═════ Data excerpts ═════
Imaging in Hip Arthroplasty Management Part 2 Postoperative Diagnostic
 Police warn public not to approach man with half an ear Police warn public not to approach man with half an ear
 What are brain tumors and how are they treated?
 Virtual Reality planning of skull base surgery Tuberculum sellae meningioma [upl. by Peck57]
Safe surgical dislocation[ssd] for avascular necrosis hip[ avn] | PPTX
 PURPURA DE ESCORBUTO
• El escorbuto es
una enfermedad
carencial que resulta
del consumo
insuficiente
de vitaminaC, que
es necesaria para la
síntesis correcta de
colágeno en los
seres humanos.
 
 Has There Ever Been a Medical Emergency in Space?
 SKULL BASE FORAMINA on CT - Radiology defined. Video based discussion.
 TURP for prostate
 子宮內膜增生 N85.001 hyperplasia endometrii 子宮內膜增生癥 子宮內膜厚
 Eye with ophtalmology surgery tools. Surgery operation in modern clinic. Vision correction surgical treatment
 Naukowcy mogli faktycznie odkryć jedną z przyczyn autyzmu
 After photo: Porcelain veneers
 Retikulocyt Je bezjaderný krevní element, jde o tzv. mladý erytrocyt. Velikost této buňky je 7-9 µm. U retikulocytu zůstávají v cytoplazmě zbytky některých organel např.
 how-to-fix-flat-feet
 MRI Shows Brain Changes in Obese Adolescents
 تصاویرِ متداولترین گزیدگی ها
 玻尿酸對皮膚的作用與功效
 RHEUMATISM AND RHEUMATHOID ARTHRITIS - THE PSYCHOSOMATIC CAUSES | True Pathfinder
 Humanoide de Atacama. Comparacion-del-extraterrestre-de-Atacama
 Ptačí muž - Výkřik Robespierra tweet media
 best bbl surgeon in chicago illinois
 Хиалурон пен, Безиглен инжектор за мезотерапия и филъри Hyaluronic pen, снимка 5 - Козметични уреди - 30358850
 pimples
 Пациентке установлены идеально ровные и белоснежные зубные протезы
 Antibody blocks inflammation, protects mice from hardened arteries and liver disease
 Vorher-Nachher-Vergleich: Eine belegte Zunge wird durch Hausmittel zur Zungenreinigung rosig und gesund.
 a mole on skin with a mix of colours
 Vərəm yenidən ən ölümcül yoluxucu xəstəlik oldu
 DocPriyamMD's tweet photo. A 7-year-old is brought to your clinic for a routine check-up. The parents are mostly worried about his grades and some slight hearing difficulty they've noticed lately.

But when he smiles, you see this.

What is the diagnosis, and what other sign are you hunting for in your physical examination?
═════
» **Exercise directions**:
What are the lines above, starting at the one with "RHEUMATISM AND RHEUMATHOID" and ending at the one with "Antibody blocks inflammation, protects"? Give them again exactly, and only them.

» **Solution below**:
 RHEUMATISM AND RHEUMATHOID ARTHRITIS - THE PSYCHOSOMATIC CAUSES | True Pathfinder
 Humanoide de Atacama. Comparacion-del-extraterrestre-de-Atacama
 Ptačí muž - Výkřik Robespierra tweet media
 best bbl surgeon in chicago illinois
 Хиалурон пен, Безиглен инжектор за мезотерапия и филъри Hyaluronic pen, снимка 5 - Козметични уреди - 30358850
 pimples
 Пациентке установлены идеально ровные и белоснежные зубные протезы
 Antibody blocks inflammation, protects mice from hardened arteries and liver disease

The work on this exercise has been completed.